Officials from the Afghanistan Football Federation have been accused of sexually and physically abusing team members, with 6 members of the country’s football federation (AFF) now suspended over the serious allegations.
Among those suspended was the AFF's president, Keramuddin Keram, whom several players — many of them from deprived backgrounds — accused of offering them financial incentives and a better life in exchange for sex.
Khalida Popal, one of the original players on the women’s team and a longtime manager, said Mr. Keram had sexually harassed players in a bedroom in his office. She said that the bedroom had been rigged so that it could be opened only from the inside with his fingerprint scan. Ms. Popal fled Afghanistan in 2012 and obtained asylum in Denmark but has remained active with the national team, organising training camps abroad.
The head coach of the Afghan women’s team, Kelly Lindsey of the United States, expressed support for Ms. Popal and the players who have made the accusations. “Our Women have endured horrific Mental, Physical, and Sexual Abuse to play the sport they love for the country they love!” she wrote on Twitter.

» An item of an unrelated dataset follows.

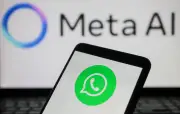 WhatsApp : une fausse alerte sur l'IA Meta inquiète les utilisateurs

FIFA have also been investigating the claims since March, “The matter is currently being addressed in a ‘do no harm way’ towards the victims, with reputable entities with which Fifa has formed a strong working relationship on human rights related issues in recent years”. The scandal has consequently affected the team's sponsorship deal with Hummel – the Danish sportswear company has retracted the sponsoring of the Afghan Football Federation following the allegations.
In Afghanistan, women's football is a place for only liberal and strong women who have challenged hard-liners and militants by daring to take the field in the first place. Unfortunately, a sex scandal has overshadowed the movement for women’s rights in the country and regrettably is an issue that extends across other sports too.